• büyük bir ustanın elinden çıkmış, sinema tarihinin en önemli filmlerinden biridir kanımca. 207 dakikalık süresine rağmen izleyicinin dikkatinin zerre dağılmasına izin vermeyen bir olay örgüsü ve senaryo kurgusu vardır. hayali olarak 3 eşit parçaya bölünmeye müsait bir filmdir. ilk parçada, köylüler kendileri için savaşacak samurayları ararken, ikinci parçada savaşa hazırlık, son parça da savaş ve zaferle özetlenebilir.
    film ayrıca kullanılan teknikler ile de sinema tarihinde ilklere imza atmış. ilk olarak, slow motion'ın kullanıldığı ilk filmdir. ayrıca star wars'tan hatırlayacağınız, sahneler arasındaki geçişlerinde kullanılan wipe tekniği de ilk bu filmde kullanıldı. bunların yanı sıra, akira kurosawa, 3 ayrı çeşit (kısa, orta ve uzun menzilli) kamera kullanarak multi-cam tekniğini de uygulamış bu filmde.
    oyuncular ve performansları tek kelimeyle büyüleyici. samurayların en yaşlısı ve deneyimlisi sıfatıyla lider konumunda oynayan takashi shimura yani kambei shimada, tabiri caizse karizma nasıl olunur onu göstermiş. ancak filmin başka bir karizması var ki, kyuzo rolündeki seiji miyaguchi. en cesur, en ağırbaşlı ve en yetenekli olan bu kişinin, tüfekle uzak mesafeden rahatça öldürülmesi de içinde ayrı bir anlam ve kara mizah taşıyor sanki. bu adamla, hatta oyuncuların tümüyle ilgili öğrendiğim en ilginç bilgi ise seiji miyaguchi'nin filmde kılıçla gösterdiği tüm maharete rağmen, filmden önce eline bir defa bile kılıç almamış olması.
    ancak filmin tüm güzelliklerine rağmen, japon insanların dikkat çeken, kendilerine has o abartılı hareketleri var. özellikle köylüler durmadan telaşla bir yerden bir yerlere koşturuyor. film boyunca sakince oturan bir köylü görmedim. eğlenceli ve mutlu anlarda tüm köy bir yere toplanıp bir yere yığılıyor ve hep beraber kahkahalarla gülüyorlar. bu komün ortamla ve grup havasıyla onların gerçekten köylü olduğunu bize dikte edilmeye çalışılıyor gibi.
    filmle ilgili bir diğer anektod ise, filmin sonunda hayatta kalan 3 samurayın (shichiroji, katsushiro ve kambei), gerçek hayatta ölen ilk üç samuray olması. film 1954 yapımı olduğu için doğal olarak hayatta kalan da olmamış tabi ve son samuray da (heihachi hayashida) 1999'da ölmüş.
    pek çoklarının, akira kurosawa'nın en iyi filmi dediği shichinin no samurai, kesinlikle izlenmesi ve zamanının imkanlarıyla değerlendirildiğinde kesinlikle saygı duyulması gereken bir filmdir diyorum ve entryme burada son veriyorum.
  • sırf "klasik" oldukları için 40-50 senelik filmleri izlemek zorunda hissederim kendimi.* izlerken de sıkılır, kaç dakika kaldı diye saate bakarım. bitirince ise "neyse bundan da kurtulduk" diye içimden geçiririm.

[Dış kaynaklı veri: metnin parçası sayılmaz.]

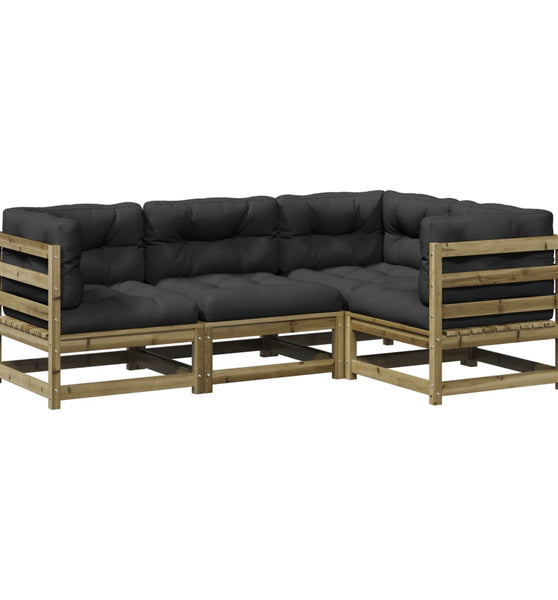 4-tlg. Garten-Sofagarnitur mit Kissen Kiefernholz Imprägniert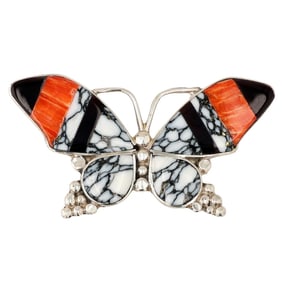 Angus Ahiyite Zuni Sterling Multi-Stone Butterfly Brooch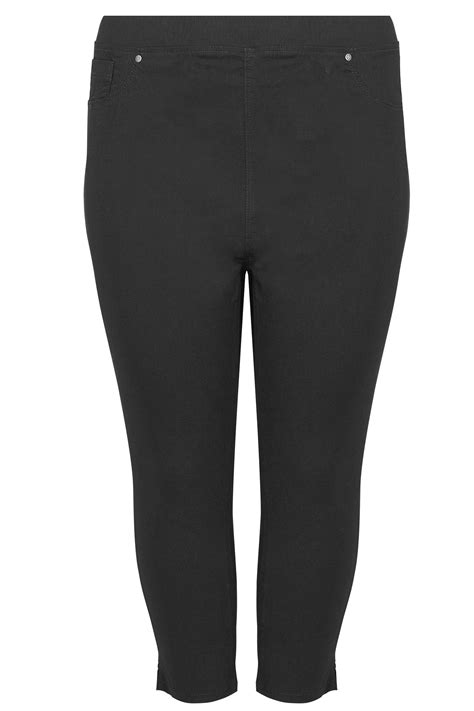 Black Bengaline Cropped Pull On Trousers, plus size 16 to 36 | Yours ...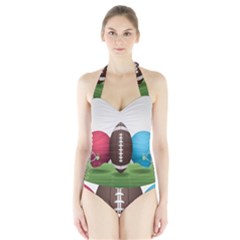 Helmet Ball Football America Sport Red Brown Blue Green Halter Swimsuit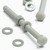 10x Natural Glass Filled Nylon Hex Head Screws M8 x 100mm, Nuts & Washers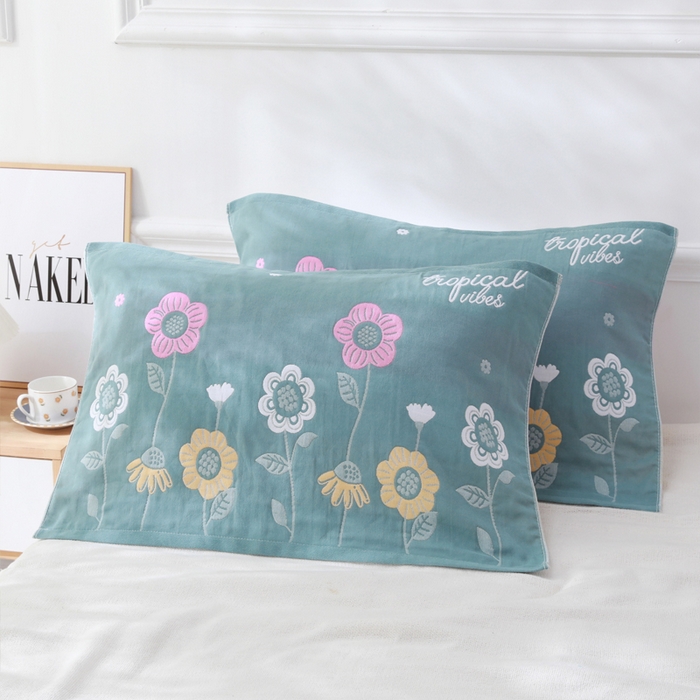 朴尔家纺-毛巾被 2026新款柔棉花间风系列三层纱布枕巾 向日葵绿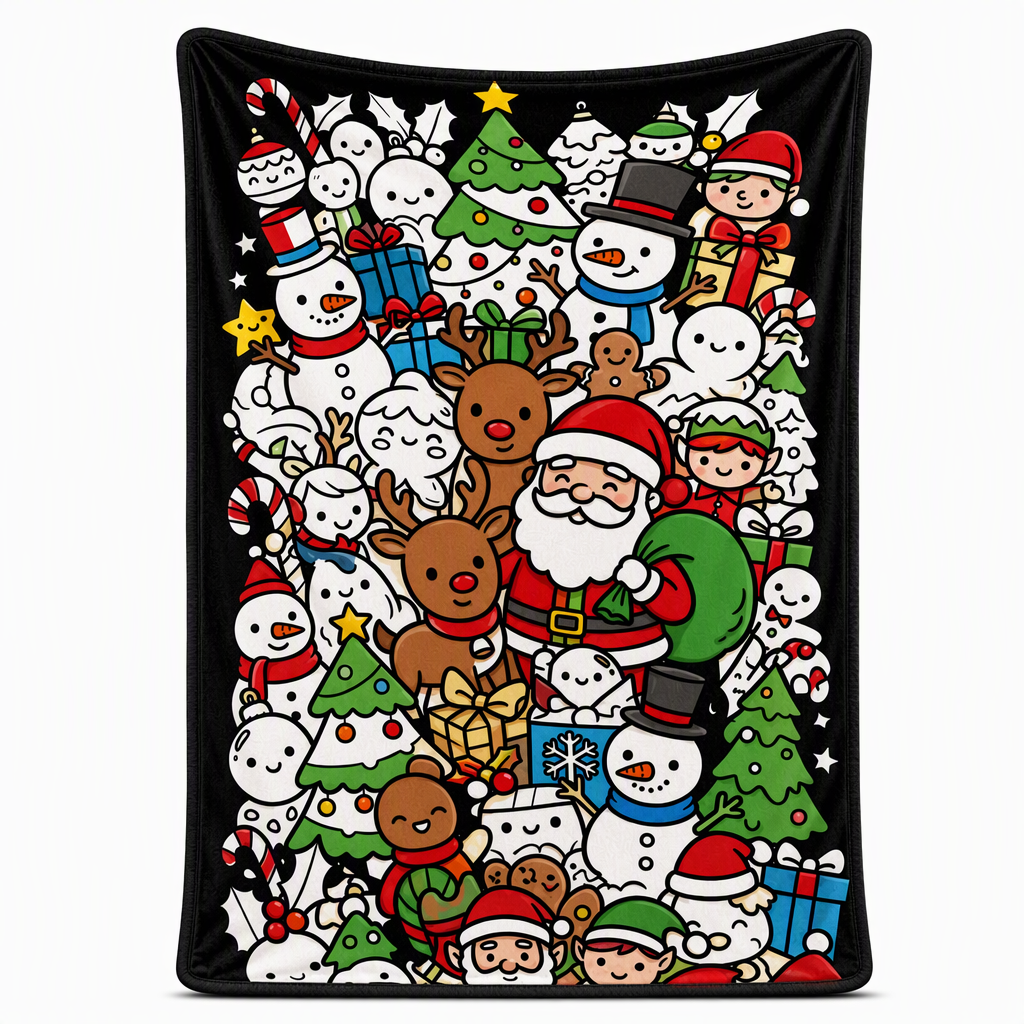 Christmas Coloring Blanket 51 x 59 Inch Polyester Design 22 1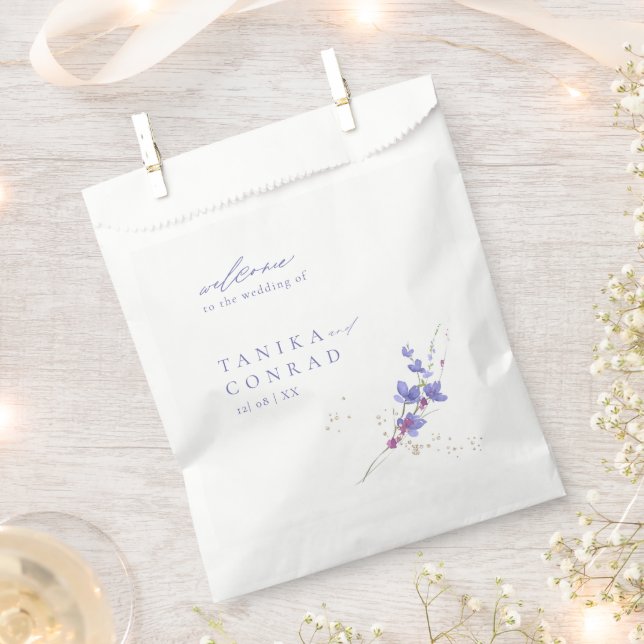 Sachets En Papier Aquarelle fleur sauvage Mariage Bienvenue Peri ID9 (Coupé)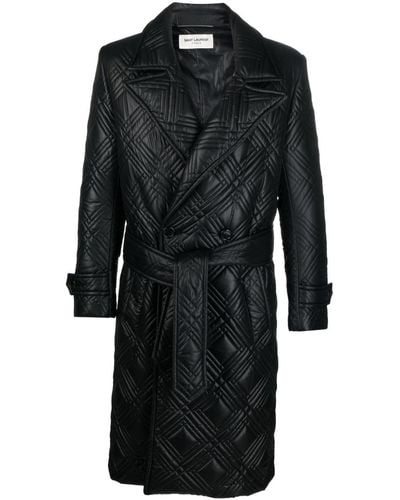 Saint Laurent Quilted Wrap Midi Coat - Black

    arka planlarmı$ da, karakter geli$imiymi$ ben anlamam. o kadar eski filmde sıkılıp bunda sıkılmadı isem bu film güzeldir.*
  • --- spoiler ---

    köylülerin, şehire getirdikleri küpteki pirinçler çalındığında, yohei'nin yere dökülen pirinç kırıntılarını elleriyle tek tek topladığı bir sahne vardı.
    o ne acılı bir şeydir öyle.
    izlerken içim burkuldu

    --- spoiler ---
  • ikinci dünya savaşı'nın buhranlı yıllarının nihayete ermesiyle sanatçılar da acılarını yontmaya, daha müreffeh bir dünyada sanat eserlerini takdime başlamıştı. 50'li yıllar dünya sinemasının muhtemelen bir daha yaşayamayacağı parlaklıkta bir on yıldır. sayıyorum, dikkatle takibediniz: hitchcock, bergman, fellini, lean, lumet, wilder, zinnemann, kubrick, mankiewicz, kazan, wyler gibi yönetmenler başyapıtları sıralarken ozu, ford, hawks gibiler de daha olgun filmlerde idiler. bu dalga az sonra fransa'da yeni dalga olarak tezahür edecektir fakat taa ötelerde, japonya'da da küresel bir sinemaya doğru adım atılmış kurosawa namında bir yağız samuray evladı kameraya sarılmıştır. rashomon, ikiru derken hacı slow, slow motionlı epik bi film yapıp adına da "shichinin no samurai" demişti. bu film japon minimalizmine alışık izleyicinin tanık olmadığı bir genişlik vehmi sunuyor, amerikan tarzına yakın, ticari bir sinemaya da meylediyordu. yine de amerikan sinemasının western merkezli aksiyon sinemasından farklı bir psikolojik boyut taşıyor, kostümlü dekorlu filmlerle bir nevi senteze gidiyordu. fakat fark şuydu ki aynı vehm dekorsuz nesiz ortaya konmuş, aynı epik oluşturulmuş, japon sabır ve sebatının neticesi sinemaya aksetmiş idi.
  • yaklaşık 3 saat civarı süren bir filmdir, yanlış yunluş olmasın. velhasıl kelam süper bir filmdir. hikaye yavaş yavaş, tadını çıkara çıkara gelişir, o sebepten kimi acelecilere sıkıcı gelebilir.
    filmde kurosawa her zamanki naif biçemiyle doğayı karakter ve durumların haline göre çok iyi kullanır. misal karakterlerin umutsuz olduğu sahnelerde veya kaotik sahnelerde şiddetli bir yağmur yağar. veya iki gencin "aşkı keşfettikleri" sahnelerde çiçekleri böcekleri rüzgarla savrulurken görürüz.
    doğanın insanevladının didişmesini umursamadan varoluşunu aynı tekdüzeliğiyle devam ettirmesini enfes bir şekilde vurgular kurosawa, ki bu tavrın "thin red line" filmini etkilediği açıktır.
    kurosawa her zaman biraz çocuksu ve naif imgelemlerle anlatır meramını, ama bu gayrıentelliği onun mükemmel bir yönetmen olduğu ve imgelerinin etkileyiciliğini değiştirmez.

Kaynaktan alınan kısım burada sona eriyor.